Eddie, after college, acted as if I did not exist, save for one thing. Every Tuesday for twenty two years Eddie has sent me a letter. He sent me mail even in the two years when I lived six doors down from him. Each letter is between three and ten pages long, handwritten on yellow legal pad. There is no date and no return address. He does not include a greeting, and does not sign his letters. He has not acknowledged the content of my replies, save my perennial changes of address. I first kept them in a shoebox under my bed. Within a year, Eddie had a filing cabinet. He now occupies a closet in my front hallway, eight drawers of handwritten yellow legal paper. They weigh one hundred and sixty-seven pounds—my wife and I put them on the bathroom scale before I came down here. I am an accountant. I like to know how things add up. I would like to imagine that Eddie, at the time of his attack, weighed one hundred and sixty-seven pounds.
Eddie was an editor. He edited television shows for a living. He did two years of Jump Street Blues, fifteen episodes of Miami Vice, and sixty three episodes of Friends. He did dozens of pilots.

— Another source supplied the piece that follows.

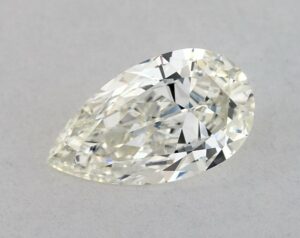 Natural 0.5 Carat J VVS2 Pear Diamond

He edited the award winning PBS documentary Bottles of Blood: Prohibition Chicago. He put together hundreds of fifteen- and thirty-second spots for movies and household cleaning products by Lysol, and also an infomercial for vitamin pills.
Editing is, as I understand it, a creative act: ordering and cutting hours of footage into the tightest, most meaningful package. The finished product is very different from the raw input. Hugo Farthing, Eddie’s boss, told me last night that Eddie was almost preternaturally good at this work. He knew instinctively when to cut away from a glance, how to build a narrative through different angles of the same scene, how to change the meaning of scenery or character by selection and order and rhythm. To Eddie, perhaps, the raw material did not matter—it was the framework of the edit that gave life to what you saw.

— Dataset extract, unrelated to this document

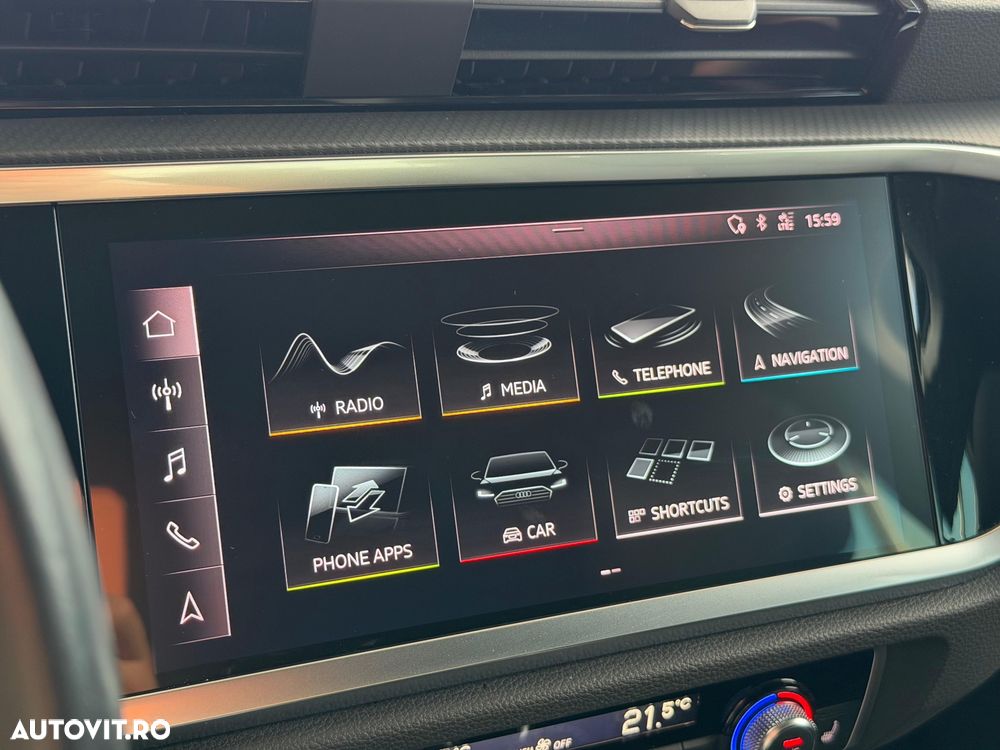 Audi Q3 35 TDI S tronic Advanced - 27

Eddie’s letters contain memories. These memories are a paragraph or two apiece. Each letter has between five and twenty-five separate events in Eddie’s life, told in first person, narrated in present tense and ordered seemingly at random. While there does appear to be some relationship between adjacent events, in no letter have I found a dominant theme or any chronological continuity. These letters have not changed in tone or nature over the course of the last twenty-two years. While there may seem to be no reasoning behind the content of these letters, the nature of Eddie’s job, to me, demands that these events were placed in a specific order, in a specific letter, on a specific day.